-- What you have to do --
Please, in the data that follows, copy exactly the lines from the line with "Sundance Trail By Signature Vacation Rentals" through the last one, both included. Do not include pictures.

###

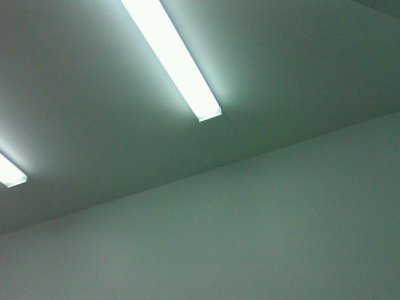 IMG00118-20091223-1125.jpg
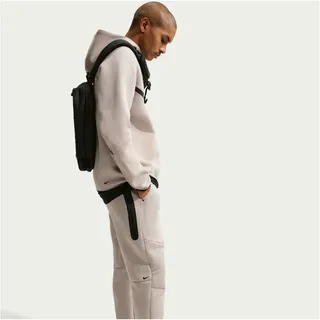 Nike Tech Herren Hose, braun - US: 2XL
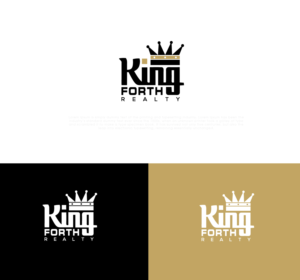 Logo Design by solidinto for this project | Design: #17347726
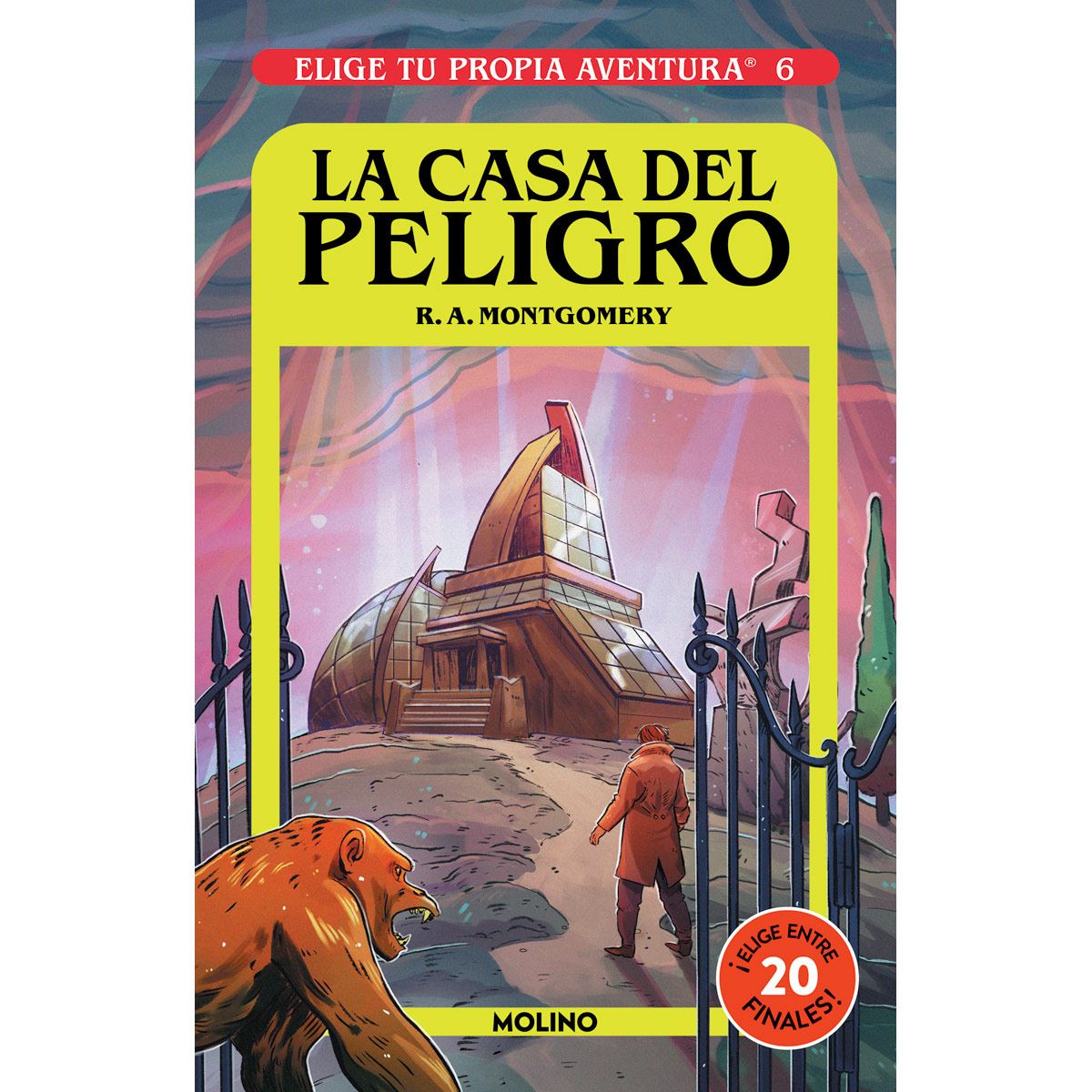 Imagen del producto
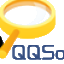 qqso網站教程網
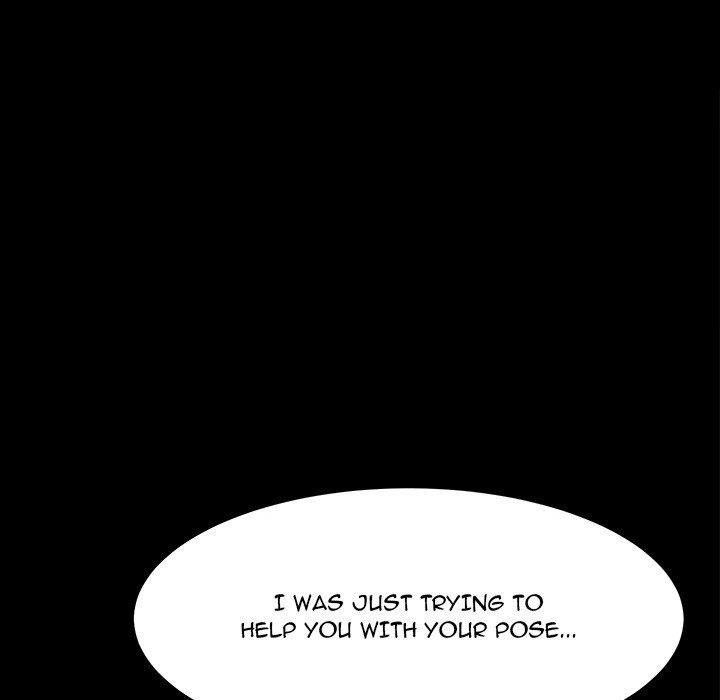 God Model - Chapter 1 [photo 145] - MangaPorn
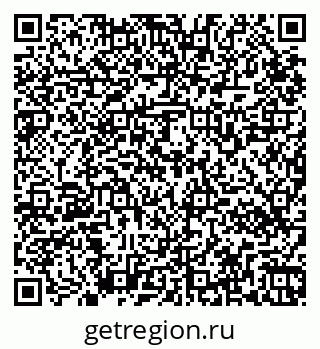 79265560045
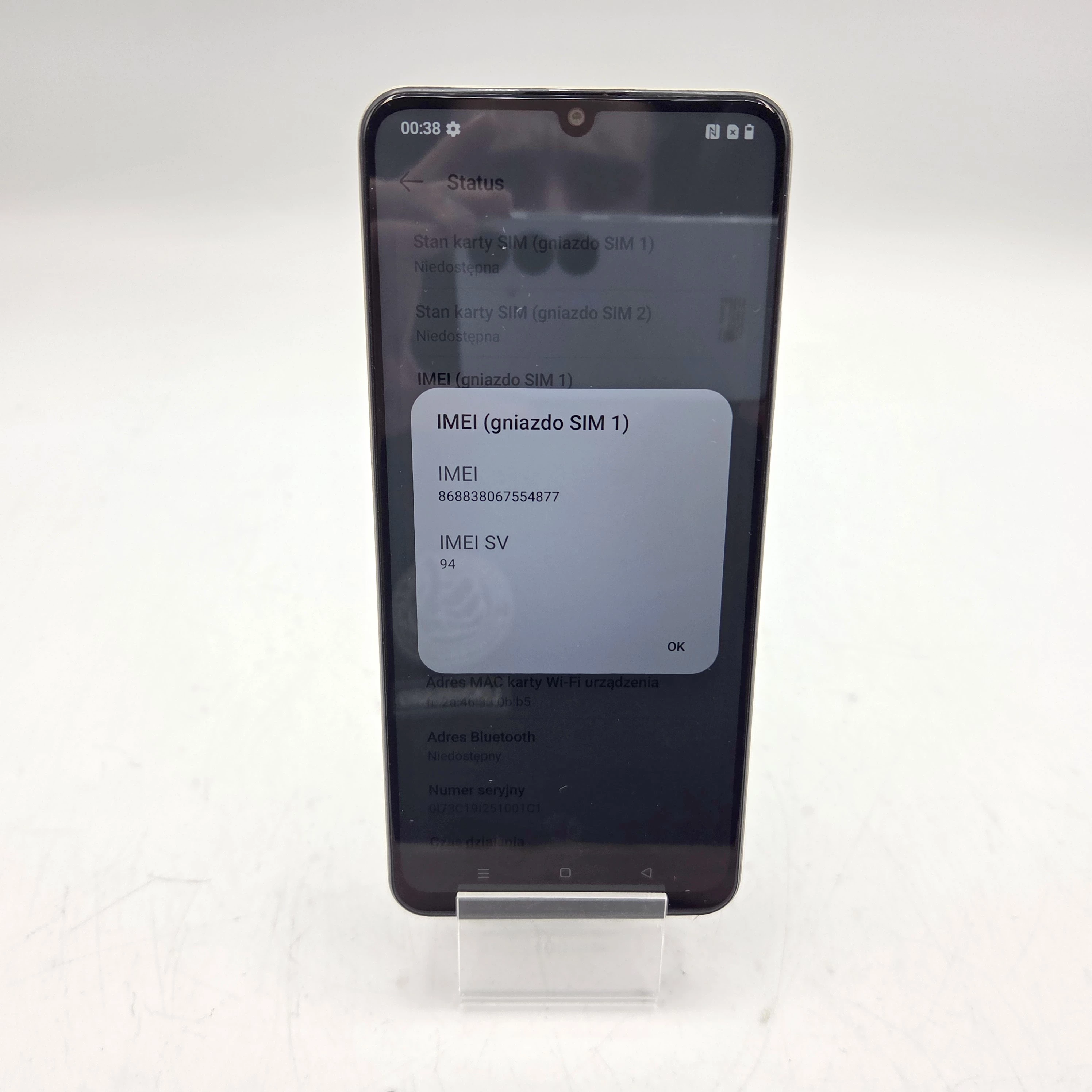 telefon-realme-c53-128gb-3-maja-48-poznan-ska-x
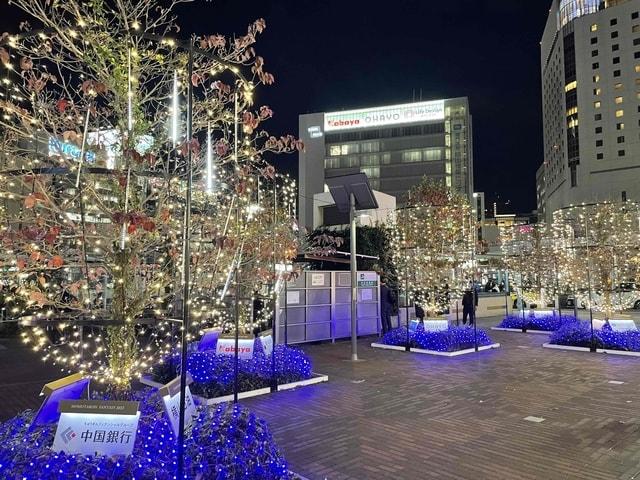 MOMOTAROH FANTASY2025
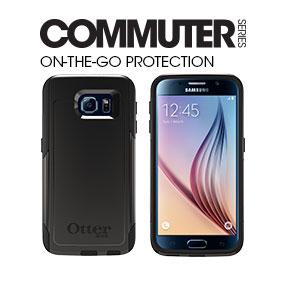 samsung galaxy 6, GS6, galaxy s6, gs6 case, GS6 case, galaxy 6 case, galaxy s6 case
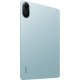 Xiaomi Redmi Pad 2 Wi-Fi 6/128GB Mint Green EU Xiaomi Redmi Pad 2 Wi-Fi 6/128GB Mint Green EU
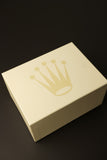 2010+ Rolex 116710LN Lunette Noir GMT - Full Set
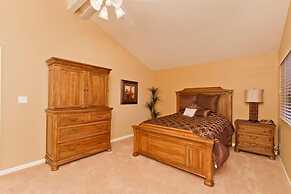 Sundance Trail By Signature Vacation Rentals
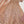 Tehwar - Luxury Organza Maxi  - Ready to Wear pink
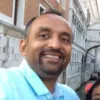 Kamal Patel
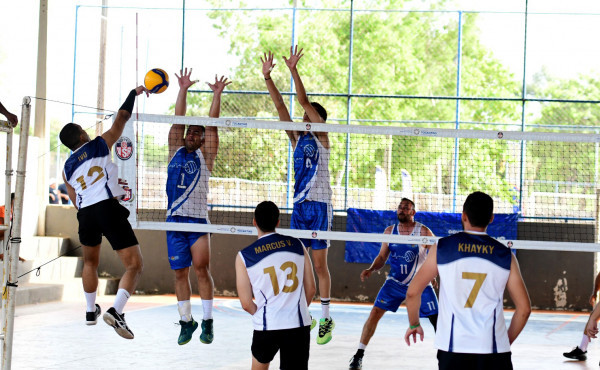 governo-do-tocantins-promove-o-fortalecimento-dos-esportes-com-a-realizacao-da-regional-dos-jogos-dos-servidores-em-palmas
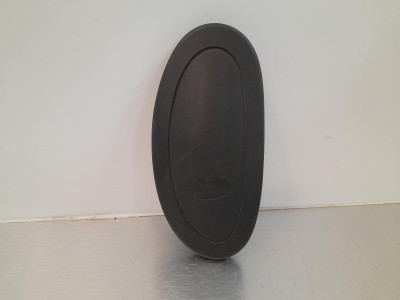 AIRBAG LATERAL DELANTERO IZQUIERDO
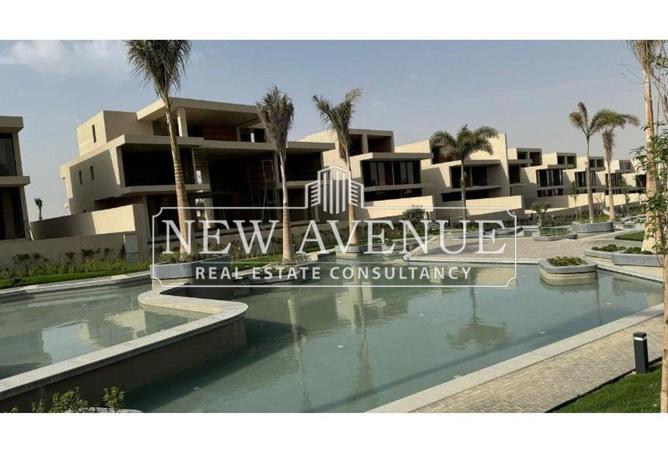 52183772 - Property Image 2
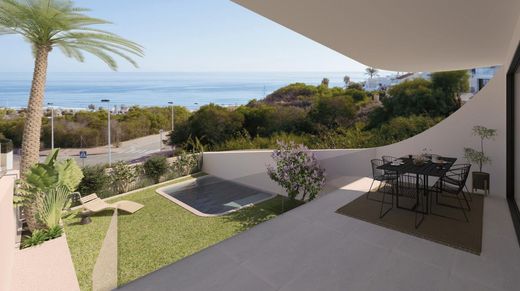 Luxury home in Torrevieja, Alicante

###

-- Result for this task --
 Sundance Trail By Signature Vacation Rentals
 Tehwar - Luxury Organza Maxi  - Ready to Wear pink
 Kamal Patel
 governo-do-tocantins-promove-o-fortalecimento-dos-esportes-com-a-realizacao-da-regional-dos-jogos-dos-servidores-em-palmas
 AIRBAG LATERAL DELANTERO IZQUIERDO
 52183772 - Property Image 2
 Luxury home in Torrevieja, Alicante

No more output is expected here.